Brother and sister Jimmy and Ellie are doing the best they can at life after their parents have died. Jimmy is trying to dodge the bullies at high school; Ellie books guests for a television talk show.

Driving home late one night, their car strikes some sort of animal, which triggers a two-car wreck. Shaken but basically unhurt, Ellie and Jimmy check on the driver of the other car. Just as they’re freeing her from the wreckage, the beast they hit attacks, killing the woman and slashing and clawing the siblings.

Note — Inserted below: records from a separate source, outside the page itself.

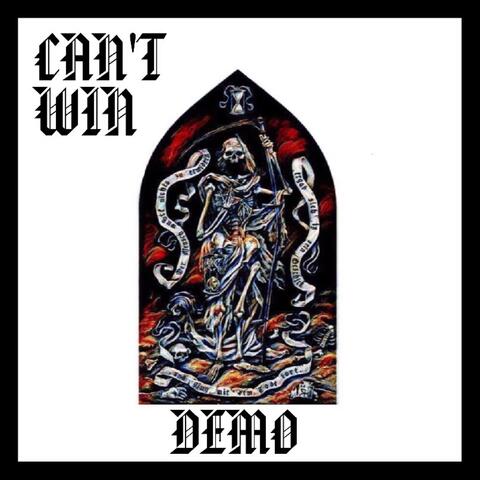 Demo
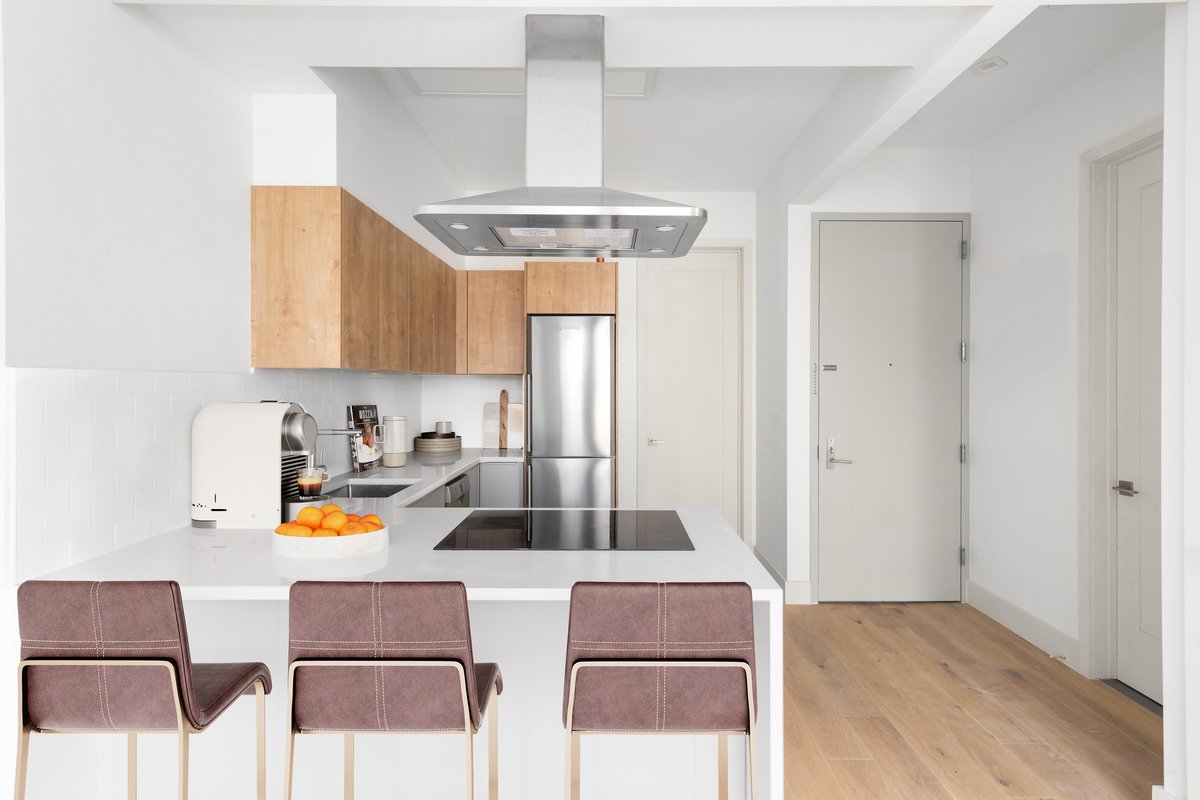 1084 Decatur Street 06.jpg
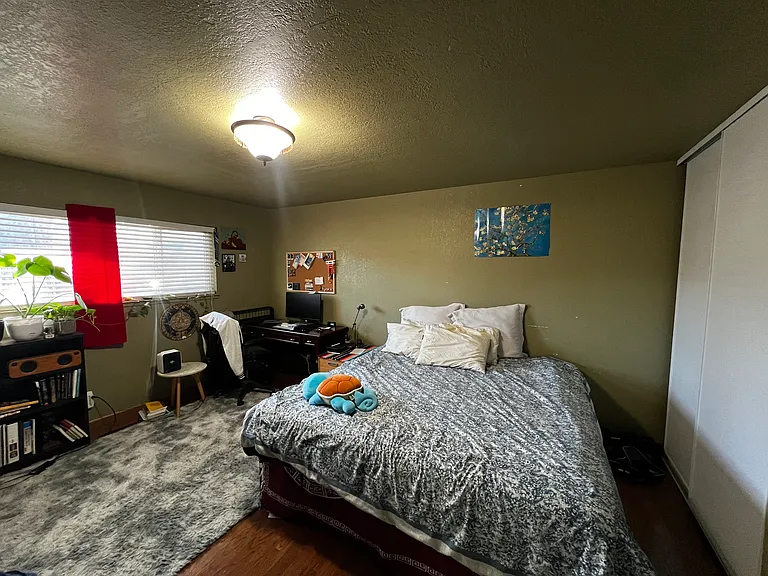 1200 Halford Ave #1 — Photo 1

Soon they notice something different about themselves—something they can’t quite put a finger on. Doing some sleuthing, Jimmy determines that they’d been attacked by a werewolf. He also learns that the only way to keep from turning into werewolves themselves is to find the source of the curse and kill it before midnight of the next full moon.

Positive Elements

Slim pickings. Jimmy and Ellie put themselves in danger to help each another.

Spiritual Elements

A sign of carrying the werewolf curse is a pentagram burned into the flesh on one’s hand and, less visibly, on the forehead. Jimmy runs across quite a bit of satanic imagery while researching the werewolves. Two girls consult a psychic palm reader, who warns them that they face a terrible curse. In a later scene, that same psychic says, “I got the gift [of psychic ability] from my parents.” The TV talk show host plans to air an episode about séances.

Sexual Content

Two brief flashes or rear male and female nudity. Several female characters are fond of low-cut blouses and tank tops. A man suggestively puts his hand on Ellie’s thigh. (She brushes him off.) As Jimmy conducts werewolf research on the Internet, Ellie teases, “Why can’t you just download porn like other teenage boys?”

Jimmy is taunted and accused of being homosexual; he’s frequently called a “homo” and said to be from “fag town.” (It’s clear he’s really interested in girls, particularly the girlfriend of a big man on campus.) A teen boy, misreading Jimmy’s body language, tries to kiss him, saying, “I’m gay. I just can’t keep it in anymore.”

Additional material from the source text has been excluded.